### Entries provided
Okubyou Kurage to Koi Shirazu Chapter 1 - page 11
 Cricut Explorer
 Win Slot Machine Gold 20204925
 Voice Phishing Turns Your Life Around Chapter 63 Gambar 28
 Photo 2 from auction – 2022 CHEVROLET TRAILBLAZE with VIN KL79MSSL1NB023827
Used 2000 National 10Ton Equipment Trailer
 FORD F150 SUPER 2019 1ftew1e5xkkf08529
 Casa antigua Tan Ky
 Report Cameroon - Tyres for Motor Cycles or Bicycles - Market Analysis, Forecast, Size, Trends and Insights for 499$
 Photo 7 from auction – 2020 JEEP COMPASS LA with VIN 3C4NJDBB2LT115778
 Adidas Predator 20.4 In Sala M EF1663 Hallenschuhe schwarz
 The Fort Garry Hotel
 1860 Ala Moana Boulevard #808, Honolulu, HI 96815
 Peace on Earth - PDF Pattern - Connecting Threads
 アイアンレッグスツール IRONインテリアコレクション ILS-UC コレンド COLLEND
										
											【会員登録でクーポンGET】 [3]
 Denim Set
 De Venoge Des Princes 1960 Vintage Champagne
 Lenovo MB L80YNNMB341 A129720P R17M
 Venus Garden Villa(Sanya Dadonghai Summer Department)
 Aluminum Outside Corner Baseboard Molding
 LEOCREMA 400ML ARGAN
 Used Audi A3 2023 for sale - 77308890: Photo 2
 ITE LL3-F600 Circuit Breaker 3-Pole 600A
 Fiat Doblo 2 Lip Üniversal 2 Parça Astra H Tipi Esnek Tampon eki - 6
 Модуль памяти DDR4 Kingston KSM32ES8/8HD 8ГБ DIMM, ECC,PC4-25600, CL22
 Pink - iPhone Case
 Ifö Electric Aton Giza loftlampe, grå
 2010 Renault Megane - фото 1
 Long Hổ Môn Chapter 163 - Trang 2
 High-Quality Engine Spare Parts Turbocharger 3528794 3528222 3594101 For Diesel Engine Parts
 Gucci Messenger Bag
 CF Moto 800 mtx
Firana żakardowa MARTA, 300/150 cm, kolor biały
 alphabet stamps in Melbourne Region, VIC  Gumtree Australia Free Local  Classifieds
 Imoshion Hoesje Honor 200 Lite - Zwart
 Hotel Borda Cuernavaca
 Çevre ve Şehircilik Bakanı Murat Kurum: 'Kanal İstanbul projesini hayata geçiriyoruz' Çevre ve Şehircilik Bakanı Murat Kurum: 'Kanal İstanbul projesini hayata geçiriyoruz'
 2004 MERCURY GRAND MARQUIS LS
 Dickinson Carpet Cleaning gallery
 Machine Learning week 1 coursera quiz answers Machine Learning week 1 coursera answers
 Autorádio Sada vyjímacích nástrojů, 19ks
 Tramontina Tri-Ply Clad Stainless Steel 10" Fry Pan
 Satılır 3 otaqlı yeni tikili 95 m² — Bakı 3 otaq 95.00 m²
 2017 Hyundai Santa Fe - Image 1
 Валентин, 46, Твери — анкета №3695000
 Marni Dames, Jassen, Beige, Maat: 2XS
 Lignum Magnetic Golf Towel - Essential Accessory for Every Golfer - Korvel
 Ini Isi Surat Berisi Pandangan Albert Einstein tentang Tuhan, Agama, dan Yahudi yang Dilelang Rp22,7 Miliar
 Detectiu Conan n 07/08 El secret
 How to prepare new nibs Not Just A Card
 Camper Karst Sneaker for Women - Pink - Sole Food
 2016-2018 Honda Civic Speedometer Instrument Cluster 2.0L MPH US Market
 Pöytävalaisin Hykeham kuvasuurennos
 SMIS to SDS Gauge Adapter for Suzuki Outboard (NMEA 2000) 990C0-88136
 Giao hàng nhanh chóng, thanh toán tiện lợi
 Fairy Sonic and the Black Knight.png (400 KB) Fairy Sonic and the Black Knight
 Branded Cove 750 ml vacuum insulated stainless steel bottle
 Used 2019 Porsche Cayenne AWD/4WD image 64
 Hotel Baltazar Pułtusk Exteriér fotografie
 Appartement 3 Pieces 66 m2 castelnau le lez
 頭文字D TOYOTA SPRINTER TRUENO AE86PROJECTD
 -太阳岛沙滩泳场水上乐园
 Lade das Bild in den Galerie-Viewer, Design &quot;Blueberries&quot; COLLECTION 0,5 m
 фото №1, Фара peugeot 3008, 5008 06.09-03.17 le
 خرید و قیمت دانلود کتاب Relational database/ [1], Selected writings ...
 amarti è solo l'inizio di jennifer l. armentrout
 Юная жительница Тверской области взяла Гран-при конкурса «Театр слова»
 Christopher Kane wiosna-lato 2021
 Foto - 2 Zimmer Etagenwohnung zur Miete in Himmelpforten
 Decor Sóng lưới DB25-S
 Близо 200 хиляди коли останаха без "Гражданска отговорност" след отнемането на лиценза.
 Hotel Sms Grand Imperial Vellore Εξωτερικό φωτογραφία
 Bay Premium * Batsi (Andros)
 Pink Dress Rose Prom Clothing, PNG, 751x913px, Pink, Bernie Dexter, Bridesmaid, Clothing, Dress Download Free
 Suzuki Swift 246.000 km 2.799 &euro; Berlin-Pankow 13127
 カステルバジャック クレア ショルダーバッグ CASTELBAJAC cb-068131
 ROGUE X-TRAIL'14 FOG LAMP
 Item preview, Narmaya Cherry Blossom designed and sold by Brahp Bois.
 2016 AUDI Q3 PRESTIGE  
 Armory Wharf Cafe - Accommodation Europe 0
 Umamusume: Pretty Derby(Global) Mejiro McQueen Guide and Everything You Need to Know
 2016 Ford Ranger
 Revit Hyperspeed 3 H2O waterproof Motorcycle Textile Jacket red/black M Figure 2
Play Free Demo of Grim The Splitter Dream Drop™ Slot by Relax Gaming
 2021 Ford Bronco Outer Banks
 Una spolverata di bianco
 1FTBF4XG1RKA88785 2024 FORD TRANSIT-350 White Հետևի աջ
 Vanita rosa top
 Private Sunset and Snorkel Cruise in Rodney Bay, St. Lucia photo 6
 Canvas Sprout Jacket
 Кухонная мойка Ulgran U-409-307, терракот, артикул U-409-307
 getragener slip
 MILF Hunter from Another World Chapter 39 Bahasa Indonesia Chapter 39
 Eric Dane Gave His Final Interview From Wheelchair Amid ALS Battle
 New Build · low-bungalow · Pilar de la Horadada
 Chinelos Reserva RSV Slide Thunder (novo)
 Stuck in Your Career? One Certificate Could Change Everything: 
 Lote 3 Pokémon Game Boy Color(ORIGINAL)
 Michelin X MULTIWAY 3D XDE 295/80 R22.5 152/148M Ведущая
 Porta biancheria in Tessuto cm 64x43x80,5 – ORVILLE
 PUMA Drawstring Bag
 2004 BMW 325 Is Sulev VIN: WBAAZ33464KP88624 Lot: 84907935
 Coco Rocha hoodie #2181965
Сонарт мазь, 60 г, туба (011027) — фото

### Exercise brief
Write the lines out exactly, from the one with "Revit Hyperspeed 3" down to the last line of the listing, and leave out all others.

### Exercise output
 Revit Hyperspeed 3 H2O waterproof Motorcycle Textile Jacket red/black M Figure 2
Play Free Demo of Grim The Splitter Dream Drop™ Slot by Relax Gaming
 2021 Ford Bronco Outer Banks
 Una spolverata di bianco
 1FTBF4XG1RKA88785 2024 FORD TRANSIT-350 White Հետևի աջ
 Vanita rosa top
 Private Sunset and Snorkel Cruise in Rodney Bay, St. Lucia photo 6
 Canvas Sprout Jacket
 Кухонная мойка Ulgran U-409-307, терракот, артикул U-409-307
 getragener slip
 MILF Hunter from Another World Chapter 39 Bahasa Indonesia Chapter 39
 Eric Dane Gave His Final Interview From Wheelchair Amid ALS Battle
 New Build · low-bungalow · Pilar de la Horadada
 Chinelos Reserva RSV Slide Thunder (novo)
 Stuck in Your Career? One Certificate Could Change Everything: 
 Lote 3 Pokémon Game Boy Color(ORIGINAL)
 Michelin X MULTIWAY 3D XDE 295/80 R22.5 152/148M Ведущая
 Porta biancheria in Tessuto cm 64x43x80,5 – ORVILLE
 PUMA Drawstring Bag
 2004 BMW 325 Is Sulev VIN: WBAAZ33464KP88624 Lot: 84907935
 Coco Rocha hoodie #2181965
Сонарт мазь, 60 г, туба (011027) — фото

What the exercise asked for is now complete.